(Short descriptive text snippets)
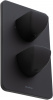 Фото смеситель для ванны allen brau infinity 5.21216-31 черный матовый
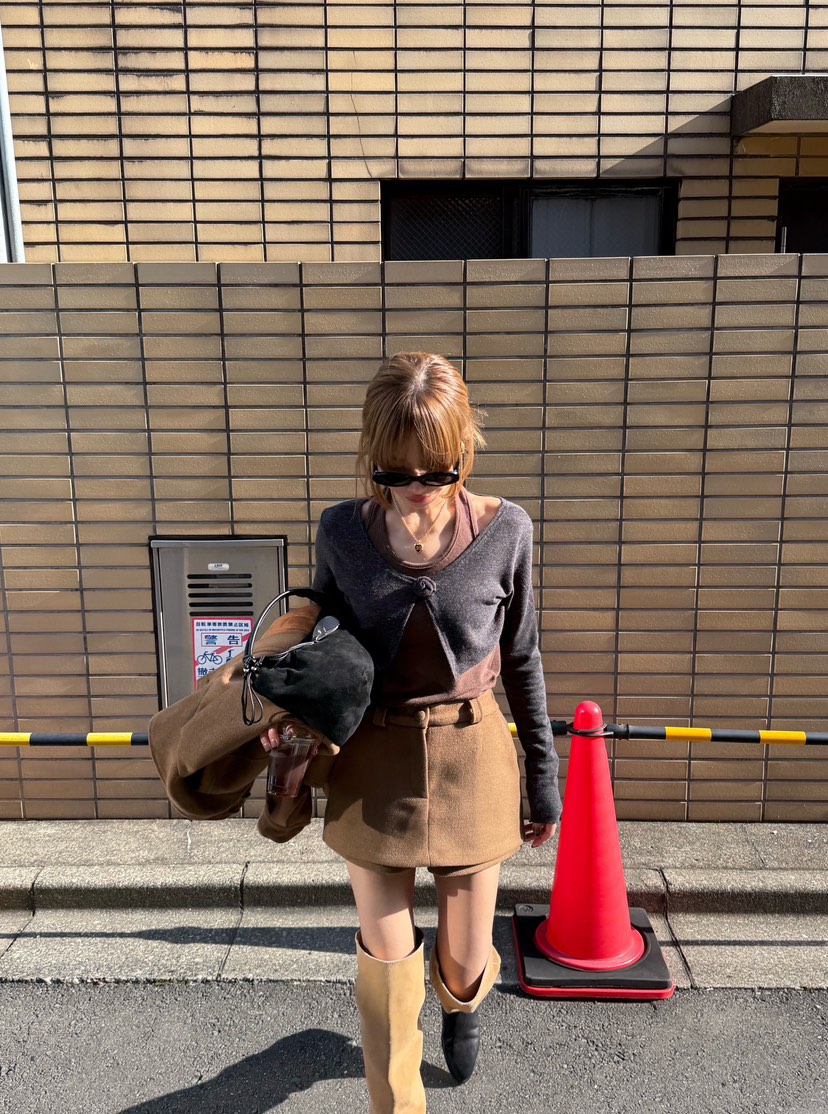 ZEROZERO東大門㊣代購女裝新款熱賣時尚推薦休閑25秋冬裙褲羊毛ZEROZERO裙褲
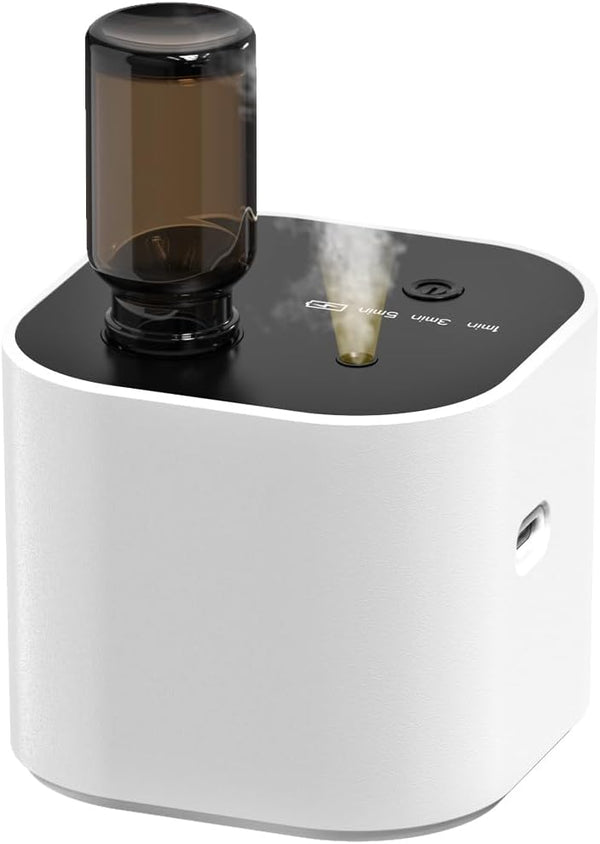 Waterless Essential Oil Diffuser,Portable Scent Diffuser with Battery Operated,3 Mist Modes,Fast Charging,Mini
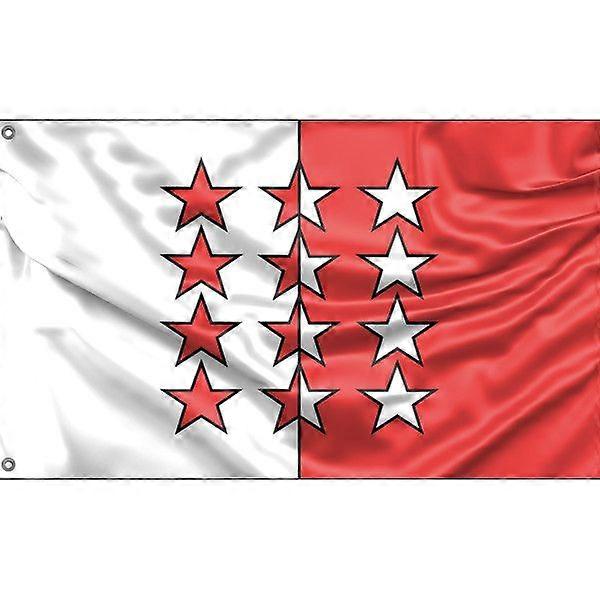 Flagge des Kantons Wallis A3649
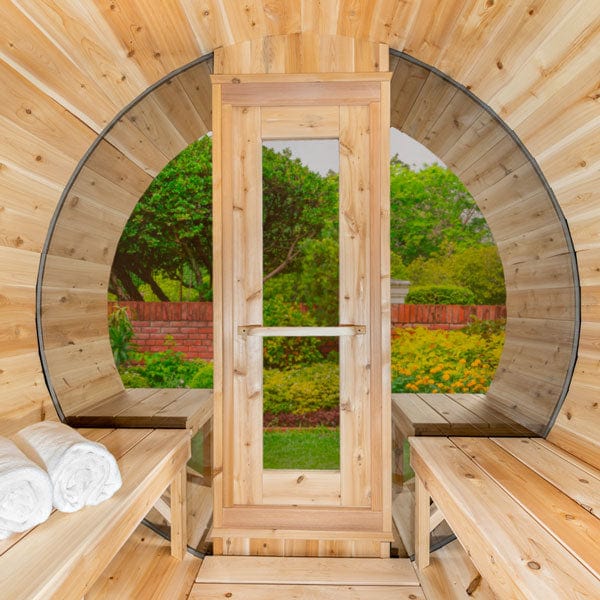 Dundalk Leisurecraft Canadian Timber Serenity MP Barrel Sauna | 4 Persons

## PROBLEM STATEMENT:
Once the line containing "Flagge des Kantons Wallis A3649" is located, write out exactly that line and each one after it to the end of the records above, excluding pictures and nothing else.

## REPLY:
 Flagge des Kantons Wallis A3649
 Dundalk Leisurecraft Canadian Timber Serenity MP Barrel Sauna | 4 Persons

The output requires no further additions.